フィンランドでのコロナ対策が巷に浸透していることは認める。うがい、手洗いの励行、他人との距離を保つ、外出自粛、店舗・娯楽施設等の大幅な営業制限・・・・。こうした努力がウィルスの広がりを抑え、新規感染者数は減少傾向にある。国民が足並みをそろえて取り組んでいる事実は評価すべきである。

いっぽう、日本の対策はフィンランドに比べると非常に緩く感じる。人口の多さや、テレワークへの移行が難しい等の事情はやむを得ないが、いまだに歓楽街や娯楽施設に足を伸ばす人々が絶えないではないか。
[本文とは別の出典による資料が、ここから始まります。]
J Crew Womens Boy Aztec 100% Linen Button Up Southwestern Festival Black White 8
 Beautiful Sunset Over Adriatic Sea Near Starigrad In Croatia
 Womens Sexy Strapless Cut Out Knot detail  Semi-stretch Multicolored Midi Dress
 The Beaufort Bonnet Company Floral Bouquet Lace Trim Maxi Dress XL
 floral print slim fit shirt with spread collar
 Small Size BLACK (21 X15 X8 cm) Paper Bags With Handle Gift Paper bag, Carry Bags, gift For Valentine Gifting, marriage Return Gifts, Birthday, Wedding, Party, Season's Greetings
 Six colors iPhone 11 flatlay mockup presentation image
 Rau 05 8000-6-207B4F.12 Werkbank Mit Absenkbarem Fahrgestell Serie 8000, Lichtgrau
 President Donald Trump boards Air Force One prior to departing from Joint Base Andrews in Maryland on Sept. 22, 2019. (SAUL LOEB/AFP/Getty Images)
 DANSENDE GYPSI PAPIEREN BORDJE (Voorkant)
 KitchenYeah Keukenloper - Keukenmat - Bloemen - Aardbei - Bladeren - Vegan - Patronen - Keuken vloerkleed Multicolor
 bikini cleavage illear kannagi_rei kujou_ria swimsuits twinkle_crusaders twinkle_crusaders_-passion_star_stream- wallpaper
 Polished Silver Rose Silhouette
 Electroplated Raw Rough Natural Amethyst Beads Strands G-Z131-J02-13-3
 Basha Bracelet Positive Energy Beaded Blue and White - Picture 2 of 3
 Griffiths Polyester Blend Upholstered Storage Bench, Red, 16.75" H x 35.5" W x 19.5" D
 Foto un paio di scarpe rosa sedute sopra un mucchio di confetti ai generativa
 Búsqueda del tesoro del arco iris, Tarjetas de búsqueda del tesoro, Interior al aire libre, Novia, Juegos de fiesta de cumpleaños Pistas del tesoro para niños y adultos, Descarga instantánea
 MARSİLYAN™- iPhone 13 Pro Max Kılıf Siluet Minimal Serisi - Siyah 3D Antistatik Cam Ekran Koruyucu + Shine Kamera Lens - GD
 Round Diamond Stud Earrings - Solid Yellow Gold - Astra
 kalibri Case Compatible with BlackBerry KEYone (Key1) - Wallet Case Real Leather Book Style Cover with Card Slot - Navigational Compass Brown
が、それにも関わらず、フィンランドに比較すれば日本の感染者は圧倒的に少ない。「なぜ日本では感染者が少ないのか?」を、本当にそうなのか? も含めて考えるべきではないのか。

 「教育水準世界一」、「幸福度ナンバー1」などといったキャッチフレーズと同様、「感染者が少ない」という報道も、とにかくフィンランドを持ち上げるのが第一目的としか思えない。フィンランドは(日本人が)批判してはいけない国なのである。そんな深層心理で創作したヨイショ記事に有意義な内容があるわけがない。
なお、人口1000万人のスウェーデンでの死者は2000人を超えた。相対数、絶対数ともにとんでもない数値だ。これもまた「独自路線」として評価する声が強い。